S&P recent analysis of approximately 4,200 rated corporate and infrastructure entities shows that governance is the non-financial factor that negatively affects most of these (40%), followed by environmental factors (28%) and social factors (16%). While environmental and social factors are more correlated with particular sectors, governance is more entity specific.
Governance issues negatively affect a substantial portion of the entities analysed. Think, again, of the aforementioned Theranos, originally a start-up founded and led by entrepreneur Elizabeth Holmes, who accumulated singular power while appointing a board of directors that failed to keep her power in check, either by design or because it did not accomplish its tasks.
It’s no surprise that S&P’s corporate rating methodology already includes a broad section on governance matters since its weight in the credit quality is substantial. An interesting conclusion from the analysis is that entities with financial sponsors, such as the ones that increasingly own project finance entities, tend to suffer a more negative impact from governance matters in their credit assessment. Therefore, this ownership structure may constitute an early warning signal that needs to be addressed during project finance structuring to properly align incentives among all stakeholders.
Early risk identification can usually be objectively determined and should be accompanied by an understanding of the nonfinancial issues faced by a company or a project. The combination of signs of distress or possible non-financial factors that may lead to financial impairment would, on occasion, be accompanied by subjective judgement. Every specific situation must be assessed on its own merits.

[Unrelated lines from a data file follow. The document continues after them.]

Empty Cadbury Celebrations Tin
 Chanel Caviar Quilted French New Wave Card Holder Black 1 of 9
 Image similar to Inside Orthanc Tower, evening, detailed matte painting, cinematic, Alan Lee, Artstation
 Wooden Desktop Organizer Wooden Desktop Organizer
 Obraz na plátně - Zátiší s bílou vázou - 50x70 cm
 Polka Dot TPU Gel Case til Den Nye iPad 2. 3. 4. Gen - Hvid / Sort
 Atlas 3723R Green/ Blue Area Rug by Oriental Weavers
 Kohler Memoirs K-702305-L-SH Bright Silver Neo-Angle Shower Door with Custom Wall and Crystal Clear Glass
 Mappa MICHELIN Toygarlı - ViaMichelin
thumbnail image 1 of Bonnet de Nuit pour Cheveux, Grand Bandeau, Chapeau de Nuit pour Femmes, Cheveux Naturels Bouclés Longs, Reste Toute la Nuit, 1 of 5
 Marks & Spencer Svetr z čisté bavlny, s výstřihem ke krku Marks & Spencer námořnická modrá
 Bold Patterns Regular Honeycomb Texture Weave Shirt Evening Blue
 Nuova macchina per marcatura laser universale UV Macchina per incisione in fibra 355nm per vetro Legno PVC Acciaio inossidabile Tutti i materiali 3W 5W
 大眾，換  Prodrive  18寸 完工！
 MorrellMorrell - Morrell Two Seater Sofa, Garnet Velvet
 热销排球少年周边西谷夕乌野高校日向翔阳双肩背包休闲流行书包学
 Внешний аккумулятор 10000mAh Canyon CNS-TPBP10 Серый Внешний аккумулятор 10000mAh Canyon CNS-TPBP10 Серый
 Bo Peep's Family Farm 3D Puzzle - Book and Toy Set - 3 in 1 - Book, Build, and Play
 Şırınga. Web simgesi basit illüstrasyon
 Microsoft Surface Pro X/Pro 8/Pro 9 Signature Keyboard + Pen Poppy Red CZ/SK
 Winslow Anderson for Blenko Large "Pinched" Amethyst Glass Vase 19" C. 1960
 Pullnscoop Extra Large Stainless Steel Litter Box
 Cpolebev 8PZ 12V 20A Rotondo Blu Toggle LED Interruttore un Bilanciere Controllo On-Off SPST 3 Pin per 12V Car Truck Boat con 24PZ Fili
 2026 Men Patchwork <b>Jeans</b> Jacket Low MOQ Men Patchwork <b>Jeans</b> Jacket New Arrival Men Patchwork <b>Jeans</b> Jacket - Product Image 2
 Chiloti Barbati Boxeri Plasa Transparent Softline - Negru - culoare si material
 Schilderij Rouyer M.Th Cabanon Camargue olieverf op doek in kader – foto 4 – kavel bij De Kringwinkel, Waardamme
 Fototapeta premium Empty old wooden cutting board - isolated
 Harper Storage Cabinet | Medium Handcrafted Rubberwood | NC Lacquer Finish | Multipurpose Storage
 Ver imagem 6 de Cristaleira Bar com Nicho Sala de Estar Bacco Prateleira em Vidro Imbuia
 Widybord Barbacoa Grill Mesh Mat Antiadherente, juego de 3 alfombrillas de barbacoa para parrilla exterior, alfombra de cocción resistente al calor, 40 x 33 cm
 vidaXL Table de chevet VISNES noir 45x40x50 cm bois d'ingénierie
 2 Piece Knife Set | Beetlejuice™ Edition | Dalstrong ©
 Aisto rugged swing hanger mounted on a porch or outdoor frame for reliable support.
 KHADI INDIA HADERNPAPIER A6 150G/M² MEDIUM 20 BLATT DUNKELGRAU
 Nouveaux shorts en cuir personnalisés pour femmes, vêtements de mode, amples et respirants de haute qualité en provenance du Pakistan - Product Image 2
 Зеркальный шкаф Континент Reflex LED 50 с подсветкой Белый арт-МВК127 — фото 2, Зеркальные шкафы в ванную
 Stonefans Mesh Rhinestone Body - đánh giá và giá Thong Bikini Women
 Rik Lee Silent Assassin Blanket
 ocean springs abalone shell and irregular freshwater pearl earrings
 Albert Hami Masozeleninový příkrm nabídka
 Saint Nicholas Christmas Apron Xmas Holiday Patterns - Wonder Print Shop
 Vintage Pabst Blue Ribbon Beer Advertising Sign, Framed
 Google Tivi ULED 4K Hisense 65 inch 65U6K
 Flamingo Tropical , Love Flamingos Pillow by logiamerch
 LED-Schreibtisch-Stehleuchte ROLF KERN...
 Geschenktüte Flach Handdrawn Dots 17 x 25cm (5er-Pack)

Given the complex environment in which both companies and projects operate today it is necessary to take a systemic approach in the early warning identification. The advantage that a multilateral lender like IDB Invest has is the availability of consolidated teams of experts in both financial and non-financial risks key areas that allow us to better serve our clients with an integrated view of the transaction.
These IDB Invest teams, as they generate new transactions and supervise existing ones, capitalize on the richness in knowledge to identify early warnings and be able to take preventive and corrective actions on time when needed. An expert, watchful eye always helps.